### Task statement
What you hand back must match the listing exactly.

### Given records
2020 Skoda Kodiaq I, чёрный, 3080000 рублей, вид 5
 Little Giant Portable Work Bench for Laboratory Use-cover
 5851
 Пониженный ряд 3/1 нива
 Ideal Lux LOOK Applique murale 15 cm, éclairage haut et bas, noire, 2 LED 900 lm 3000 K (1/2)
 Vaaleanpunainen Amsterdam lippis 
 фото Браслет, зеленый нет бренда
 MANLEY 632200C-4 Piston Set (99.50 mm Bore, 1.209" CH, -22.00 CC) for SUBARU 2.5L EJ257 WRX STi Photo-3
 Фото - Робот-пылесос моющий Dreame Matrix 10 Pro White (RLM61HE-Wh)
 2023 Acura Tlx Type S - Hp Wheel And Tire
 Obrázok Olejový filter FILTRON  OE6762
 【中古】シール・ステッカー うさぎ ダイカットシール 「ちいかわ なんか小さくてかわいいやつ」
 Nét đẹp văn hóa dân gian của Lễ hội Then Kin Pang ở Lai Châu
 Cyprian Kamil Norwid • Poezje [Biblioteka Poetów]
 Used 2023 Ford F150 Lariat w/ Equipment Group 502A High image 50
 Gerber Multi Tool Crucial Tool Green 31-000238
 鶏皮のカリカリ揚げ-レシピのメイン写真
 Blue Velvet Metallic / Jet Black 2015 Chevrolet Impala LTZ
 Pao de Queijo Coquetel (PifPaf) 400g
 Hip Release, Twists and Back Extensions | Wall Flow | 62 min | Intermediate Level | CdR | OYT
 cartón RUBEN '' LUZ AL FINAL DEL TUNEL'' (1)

### Answer
2020 Skoda Kodiaq I, чёрный, 3080000 рублей, вид 5
 Little Giant Portable Work Bench for Laboratory Use-cover
 5851
 Пониженный ряд 3/1 нива
 Ideal Lux LOOK Applique murale 15 cm, éclairage haut et bas, noire, 2 LED 900 lm 3000 K (1/2)
 Vaaleanpunainen Amsterdam lippis 
 фото Браслет, зеленый нет бренда
 MANLEY 632200C-4 Piston Set (99.50 mm Bore, 1.209" CH, -22.00 CC) for SUBARU 2.5L EJ257 WRX STi Photo-3
 Фото - Робот-пылесос моющий Dreame Matrix 10 Pro White (RLM61HE-Wh)
 2023 Acura Tlx Type S - Hp Wheel And Tire
 Obrázok Olejový filter FILTRON  OE6762
 【中古】シール・ステッカー うさぎ ダイカットシール 「ちいかわ なんか小さくてかわいいやつ」
 Nét đẹp văn hóa dân gian của Lễ hội Then Kin Pang ở Lai Châu
 Cyprian Kamil Norwid • Poezje [Biblioteka Poetów]
 Used 2023 Ford F150 Lariat w/ Equipment Group 502A High image 50
 Gerber Multi Tool Crucial Tool Green 31-000238
 鶏皮のカリカリ揚げ-レシピのメイン写真
 Blue Velvet Metallic / Jet Black 2015 Chevrolet Impala LTZ
 Pao de Queijo Coquetel (PifPaf) 400g
 Hip Release, Twists and Back Extensions | Wall Flow | 62 min | Intermediate Level | CdR | OYT
 cartón RUBEN '' LUZ AL FINAL DEL TUNEL'' (1)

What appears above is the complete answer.